Exercise aim =>
Below are some records. Retype exactly the lines from the one containing "DENCKERMANN B190120L Bremssattel" through the one containing "Women’s National Championships", both included, skipping every picture.
─── Extracted entries
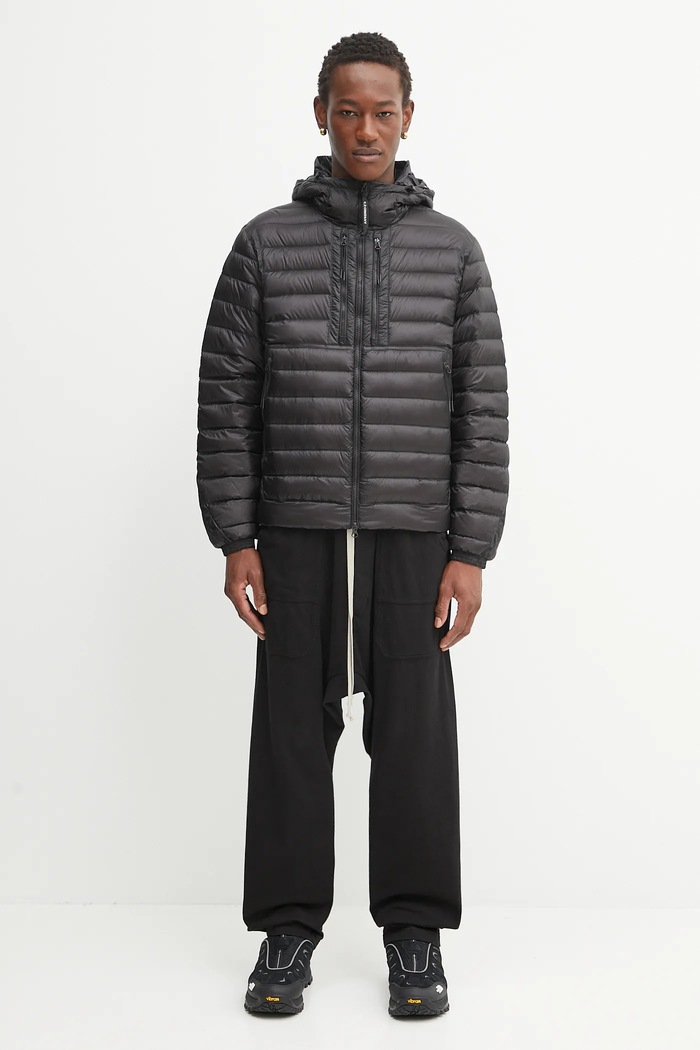 C.P. Company down jacket 19CMOW031A110416A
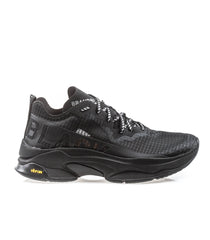 Brandblack Kiteracer Sneakers Black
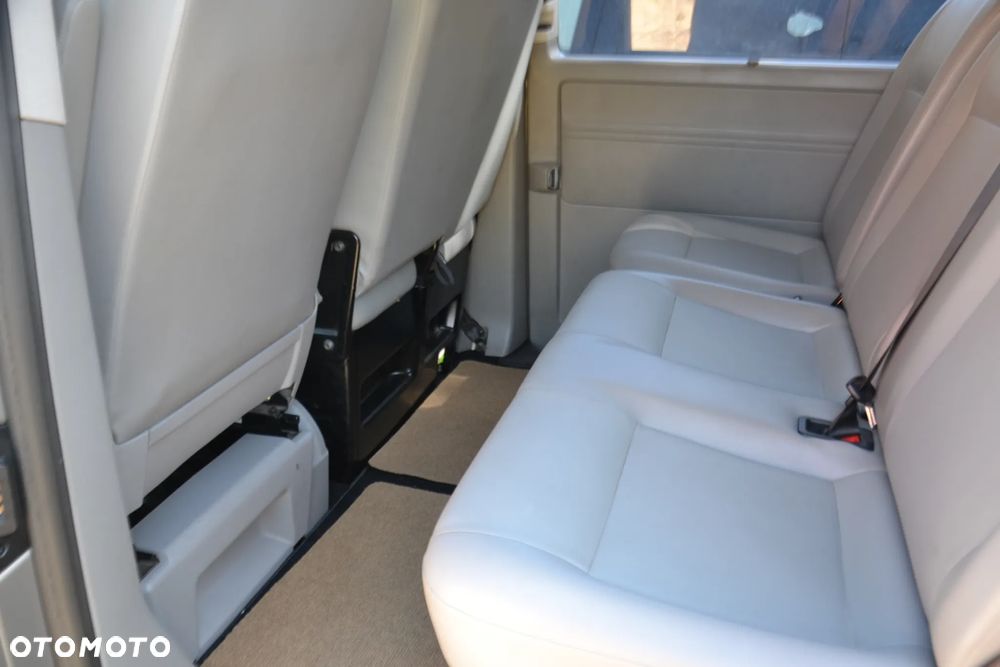 Volkswagen Caravelle L2 Comfortline - 10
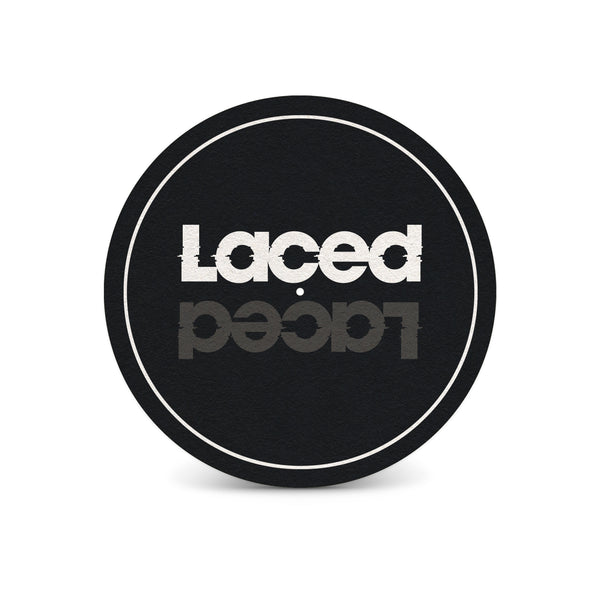 Laced Slipmat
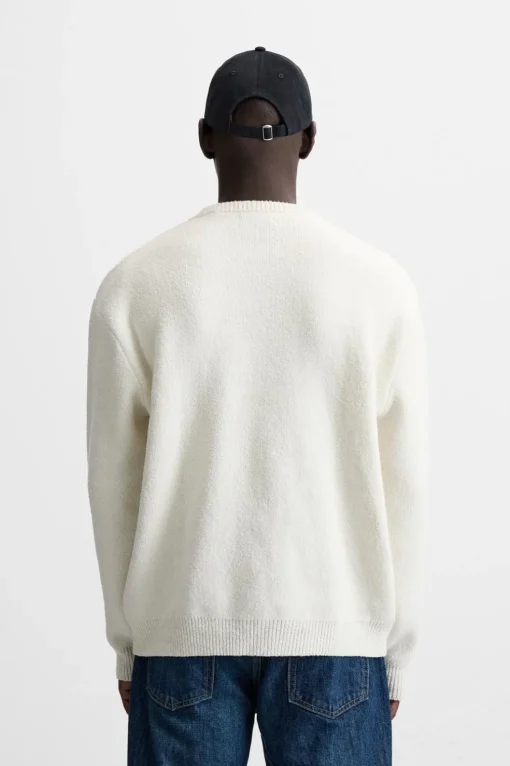 JERSEY TEXTURA BOUCLÉ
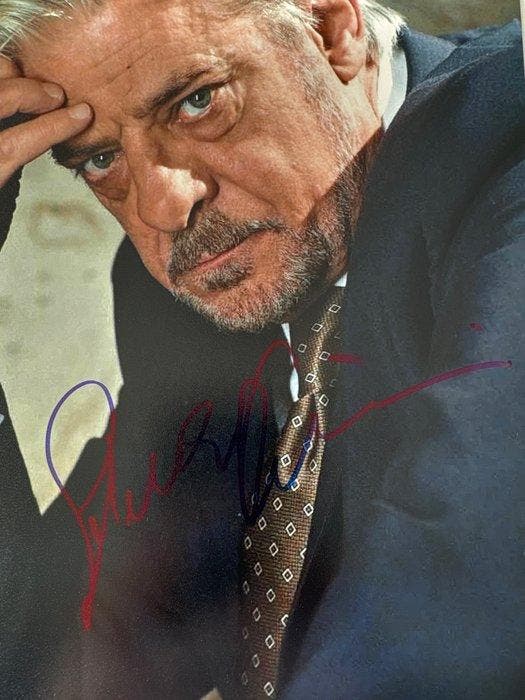 James Bond 007: Casino Royale - Giancarlo Giannini as Rene, Verzamelen, Film en Tv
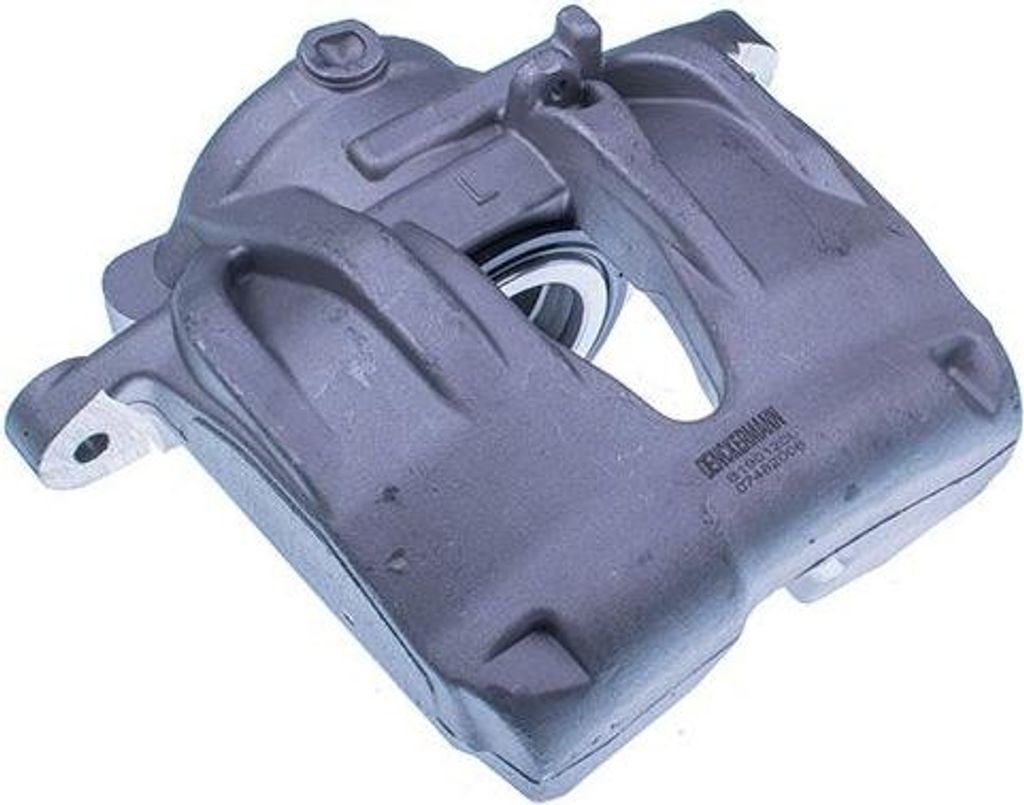 DENCKERMANN B190120L Bremssattel OE 0024204183 kompatibel mit E-Klasse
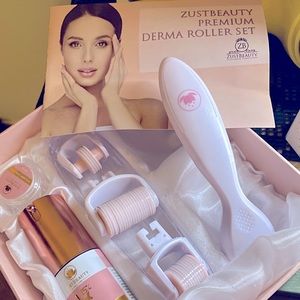 Derma skin perfect-or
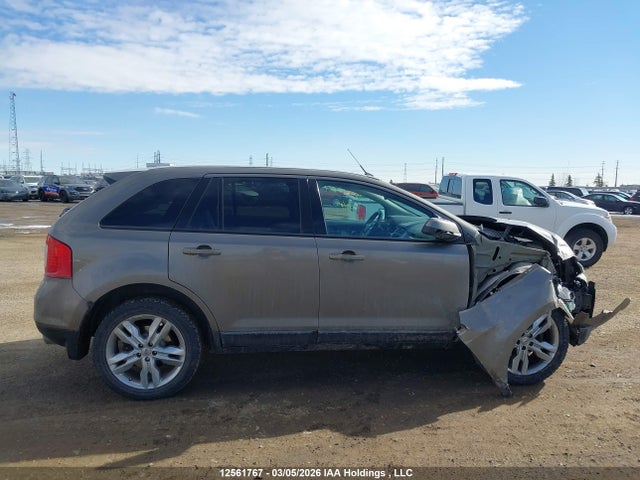 Aukcja sprzedaży 2013 Ford Edge Sel, vin: 2FMDK4JC5DBA69844, numer aukcji: 12561767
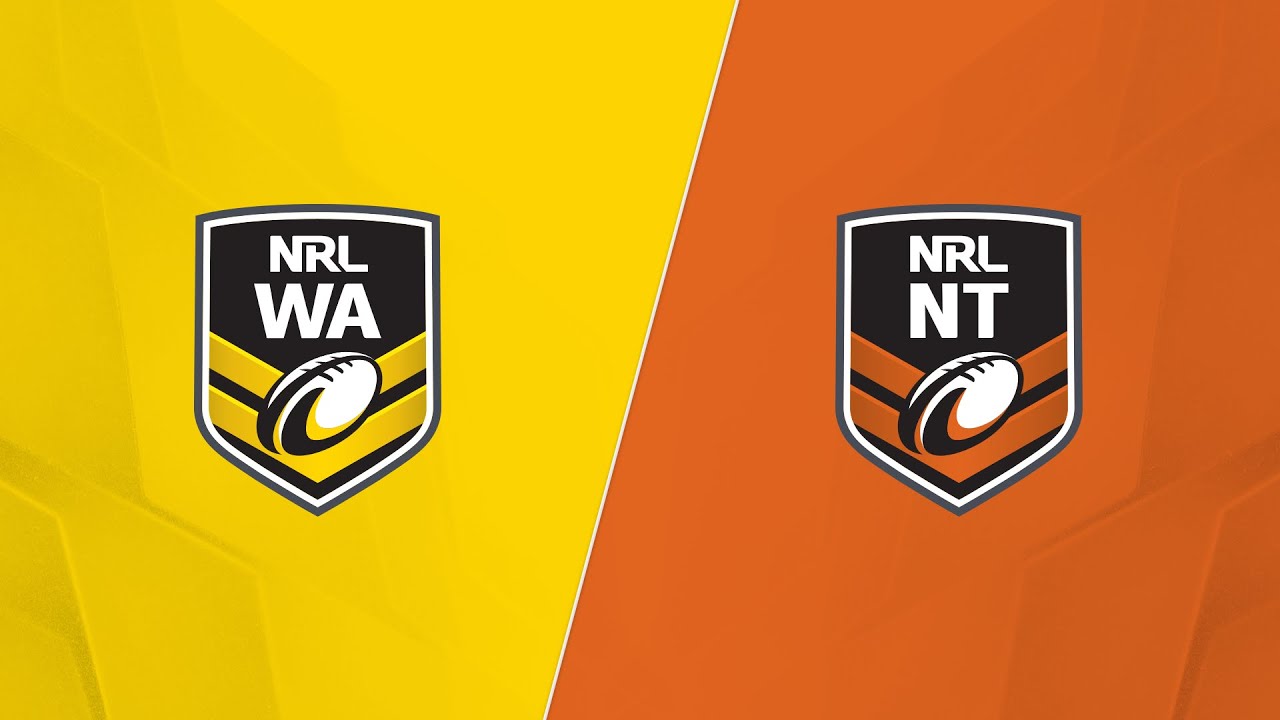 Women’s National Championships - Day 1: Western Australia v Northern Territory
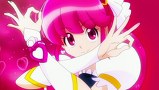 ハピネスチャージプリキュア! 愛が大好き!キュアラブリー誕生!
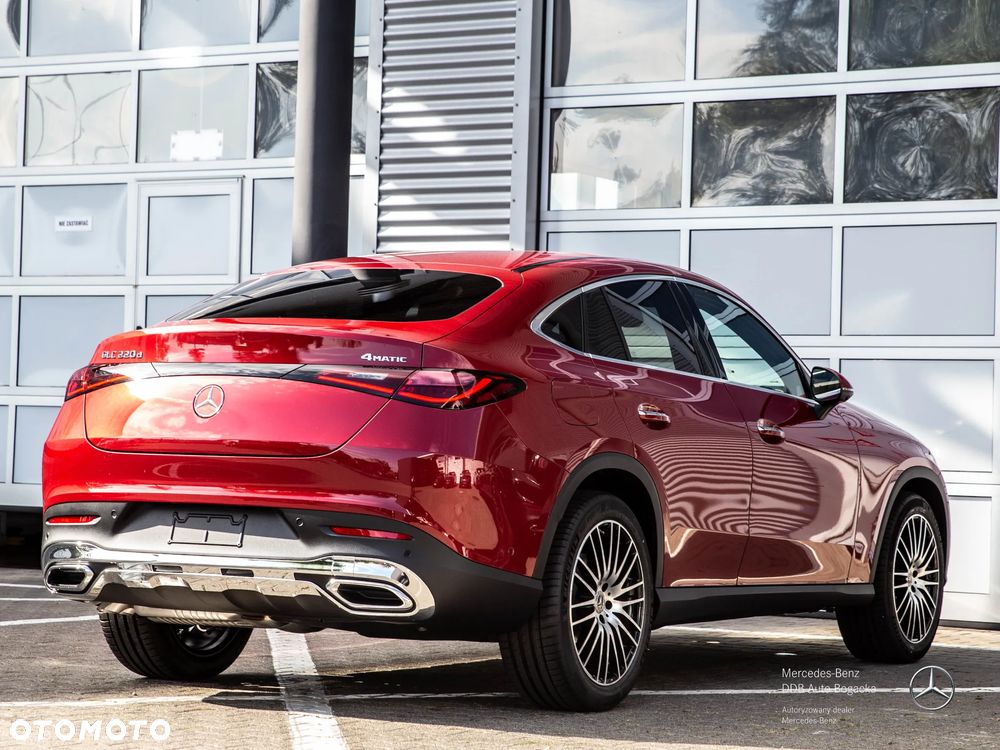 Mercedes-Benz GLC 220 d mHEV 4-Matic Avantgarde - 6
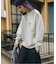 CHAMPION / チャンピオン 別注 ハンド ステッチ クルー スウェット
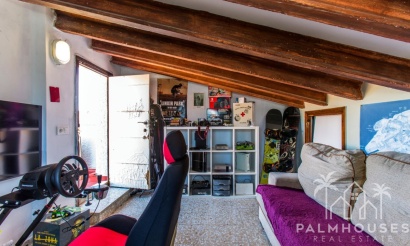 Revente - Villa - Calpe - Calpe Centro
──────
Answer to the problem =>
 DENCKERMANN B190120L Bremssattel OE 0024204183 kompatibel mit E-Klasse
 Derma skin perfect-or
 Aukcja sprzedaży 2013 Ford Edge Sel, vin: 2FMDK4JC5DBA69844, numer aukcji: 12561767
 Women’s National Championships - Day 1: Western Australia v Northern Territory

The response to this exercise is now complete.